Blast from the past

Back around 1955, I met up with three Irish prospectors from Noranda in northwestern Quebec. Joe, the vice-president (“in charge of vice,” he’d often say), ran an exploration outfit with the assistance of his son and nephew, both of whom were big and strong.

Joe optioned a property in the Val d’Or area, well known for its high-grade gold mines, from two shifty prospecting brothers. The claim group featured only one outcrop, and a small one at that; it was in the middle of a swamp.

“Well, that’s perfect . . . for the vendors,” Joe said. You can’t get a handle on the local geology. Since it’s all covered by overburden, it’s unknown. There’s only one way to tackle this: blast open the rock.”

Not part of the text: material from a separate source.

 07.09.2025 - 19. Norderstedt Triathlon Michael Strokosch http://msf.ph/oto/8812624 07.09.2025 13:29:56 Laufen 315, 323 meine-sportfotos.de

Jutting out from the outcrop were a couple of narrow quartz veins with some visible gold. But Joe was a bit leery about this showing, even though it was in an area known for its sometimes spectacular specimens of free gold. He told his son and nephew to drill a couple of short holes with the plugger underneath the quartz veins and blast with a small amount of explosives . . . “just enough to loosen the rock,” Joe advised.

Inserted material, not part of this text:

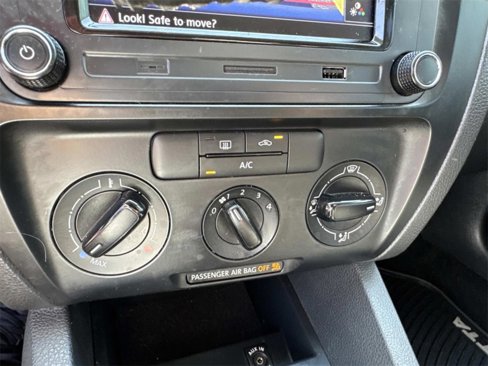 Used 2014 Volkswagen Jetta S image 20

The nephew, being new at the game, put a whole stock in each hole. The son lit the very short fuses and the two ran like hell to get under some cover. Joe, being slower, had stayed quite a distance away. In those days, nobody blasted with long fuses, and the blaster had to get away in a hurry. I know, from experience, how tense blasting can be, especially if you forget the crimper to connect the fuse to the blasting cap. That’s when you have to use your teeth, and be extra-careful. One wrong bite and you not only lost your teeth, but most of the top of your head.

After a very loud BOOM, the three walked back to the outcrop.

“Holy @#!*!,” Joe shouted. “What did you put in there?”

“One stick,” replied the nephew sheepishly.

“One in each hole,” added the son.

“You dumb @!*#@! Half a stick would have been enough. You done blasted our brand new mine right into the swamp!”

They all burst out laughing, sat down on top of the “mine” and passed around a bottle of Irish whiskey.

Paul Martin is a retired prospector, not the finance minister.